Иван Сафронов все еще не может рассказать, за что именно его преследуют, потому что ФСБ не делится с ним деталями уголовного дела
Иван Сафронов все еще не может рассказать, за что именно его преследуют, потому что ФСБ не делится с ним деталями уголовного дела / Анна Майорова / URA.RU / ТАСС

Бывший специальный корреспондент «Коммерсанта» и «Ведомостей» Иван Сафронов, весной 2020 г. ставший советником главы «Роскосмоса» Дмитрия Рогозина, а в июле задержанный по подозрению в госизмене, дал «Коммерсанту» первое после ареста интервью. «Ведомости» публикуют самые важные цитаты.

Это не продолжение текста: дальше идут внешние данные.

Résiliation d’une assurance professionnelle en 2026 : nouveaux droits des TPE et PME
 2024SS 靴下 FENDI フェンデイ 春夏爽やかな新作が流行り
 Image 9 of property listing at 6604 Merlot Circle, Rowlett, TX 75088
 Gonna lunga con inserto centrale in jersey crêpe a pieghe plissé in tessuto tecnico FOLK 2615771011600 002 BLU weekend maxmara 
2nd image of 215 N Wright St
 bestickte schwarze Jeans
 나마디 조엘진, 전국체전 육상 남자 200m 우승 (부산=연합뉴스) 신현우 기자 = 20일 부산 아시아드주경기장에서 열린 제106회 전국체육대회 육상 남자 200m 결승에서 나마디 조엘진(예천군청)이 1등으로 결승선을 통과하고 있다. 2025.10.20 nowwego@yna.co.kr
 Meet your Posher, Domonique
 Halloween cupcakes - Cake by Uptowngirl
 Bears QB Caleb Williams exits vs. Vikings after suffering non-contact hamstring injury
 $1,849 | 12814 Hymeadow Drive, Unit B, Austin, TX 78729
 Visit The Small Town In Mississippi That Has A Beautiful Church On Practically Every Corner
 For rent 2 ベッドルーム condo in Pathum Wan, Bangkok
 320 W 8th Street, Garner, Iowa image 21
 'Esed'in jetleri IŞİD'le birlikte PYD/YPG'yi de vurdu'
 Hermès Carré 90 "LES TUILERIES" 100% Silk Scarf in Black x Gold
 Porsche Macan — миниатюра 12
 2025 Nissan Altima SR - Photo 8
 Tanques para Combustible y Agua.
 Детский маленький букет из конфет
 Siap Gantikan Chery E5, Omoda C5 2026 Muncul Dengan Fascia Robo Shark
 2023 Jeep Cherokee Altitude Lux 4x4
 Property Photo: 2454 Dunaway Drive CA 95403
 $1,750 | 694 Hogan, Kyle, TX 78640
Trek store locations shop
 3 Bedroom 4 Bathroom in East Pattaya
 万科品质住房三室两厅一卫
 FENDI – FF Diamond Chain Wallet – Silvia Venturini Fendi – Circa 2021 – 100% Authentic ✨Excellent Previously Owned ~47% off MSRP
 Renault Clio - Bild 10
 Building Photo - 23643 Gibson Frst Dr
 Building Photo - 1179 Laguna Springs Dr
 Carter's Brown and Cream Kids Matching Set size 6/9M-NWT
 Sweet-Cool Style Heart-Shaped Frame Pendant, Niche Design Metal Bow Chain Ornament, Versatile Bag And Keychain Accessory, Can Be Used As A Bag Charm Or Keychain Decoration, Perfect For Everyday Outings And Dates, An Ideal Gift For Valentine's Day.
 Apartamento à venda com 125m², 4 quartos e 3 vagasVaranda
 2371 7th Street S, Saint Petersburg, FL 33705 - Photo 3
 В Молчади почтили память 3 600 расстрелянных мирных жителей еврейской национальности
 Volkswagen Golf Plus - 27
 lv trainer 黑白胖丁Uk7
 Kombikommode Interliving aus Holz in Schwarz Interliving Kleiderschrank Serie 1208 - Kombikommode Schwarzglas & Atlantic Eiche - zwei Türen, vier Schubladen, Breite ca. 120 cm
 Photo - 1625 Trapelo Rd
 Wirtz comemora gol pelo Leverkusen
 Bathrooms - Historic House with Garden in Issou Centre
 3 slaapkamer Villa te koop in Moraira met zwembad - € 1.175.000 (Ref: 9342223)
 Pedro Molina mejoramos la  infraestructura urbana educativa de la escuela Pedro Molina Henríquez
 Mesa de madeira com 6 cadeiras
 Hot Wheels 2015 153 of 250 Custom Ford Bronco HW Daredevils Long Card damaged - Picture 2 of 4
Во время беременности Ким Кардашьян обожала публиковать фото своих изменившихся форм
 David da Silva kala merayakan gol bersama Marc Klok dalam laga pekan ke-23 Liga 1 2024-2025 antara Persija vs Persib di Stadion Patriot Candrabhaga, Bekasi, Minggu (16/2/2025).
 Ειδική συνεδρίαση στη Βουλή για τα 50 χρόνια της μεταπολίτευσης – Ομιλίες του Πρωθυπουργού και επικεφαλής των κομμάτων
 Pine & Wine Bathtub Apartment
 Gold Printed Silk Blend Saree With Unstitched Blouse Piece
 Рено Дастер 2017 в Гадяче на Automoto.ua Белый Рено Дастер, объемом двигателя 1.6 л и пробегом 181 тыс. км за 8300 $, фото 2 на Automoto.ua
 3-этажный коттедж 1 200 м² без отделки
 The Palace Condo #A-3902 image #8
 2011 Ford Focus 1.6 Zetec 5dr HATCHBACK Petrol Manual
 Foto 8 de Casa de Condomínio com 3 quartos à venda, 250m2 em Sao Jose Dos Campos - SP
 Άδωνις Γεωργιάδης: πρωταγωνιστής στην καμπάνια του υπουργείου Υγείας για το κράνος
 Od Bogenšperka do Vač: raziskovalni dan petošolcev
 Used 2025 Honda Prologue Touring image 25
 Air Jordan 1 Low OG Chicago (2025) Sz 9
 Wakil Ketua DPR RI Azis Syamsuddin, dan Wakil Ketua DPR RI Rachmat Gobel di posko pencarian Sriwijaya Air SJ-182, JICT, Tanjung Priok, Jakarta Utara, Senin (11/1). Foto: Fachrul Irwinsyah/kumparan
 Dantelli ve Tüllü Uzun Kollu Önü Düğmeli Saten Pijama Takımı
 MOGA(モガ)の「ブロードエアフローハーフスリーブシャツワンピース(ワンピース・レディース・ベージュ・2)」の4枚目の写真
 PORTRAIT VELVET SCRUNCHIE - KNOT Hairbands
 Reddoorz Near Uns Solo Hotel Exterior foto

С 7 июля 2020 г. Иван Сафронов находится в СИЗО «Лефортово». ФСБ обвиняет его в госизмене: следователи утверждают, что Сафронов был завербован в марте 2012 г. представителем разведки Чехии, а в 2017 г. по его заданию передал через интернет информацию о военно-техническом сотрудничестве России со странами Африки, а также деятельности Вооруженных сил России на Ближнем Востоке.

О следователях

Достаточно ясно, что они действуют по формуле: «Вижу цель, не вижу препятствий». За полгода никто из следственной группы не дал мне разъяснений по сути предъявленных обвинений, только какие-то общие фразы: в 2017 г. ты передал что-то такое, чего передавать нельзя, но мы тебе это не покажем, потому что не хотим. С начала следствия были назначены несколько экспертиз, в том числе на предмет секретности сведений, содержащихся в отправленных мною письмах. Судя по той информации, которую следователь довел до суда во время последнего продления срока содержания под стражей, как минимум одна из этих экспертиз была готова в середине октября 2020 г., но, несмотря на все наши просьбы, меня с ней до сих пор не ознакомили <...> Все допросы велись исключительно по моим ходатайствам. По сути, я просто сижу в четырех стенах — и ничего не происходит. Возможно, это такая тактика у следователя. Может, он поймал настоящего шпиона и все силы бросил на него. Мне трудно сказать: из камеры мало что слышно и видно.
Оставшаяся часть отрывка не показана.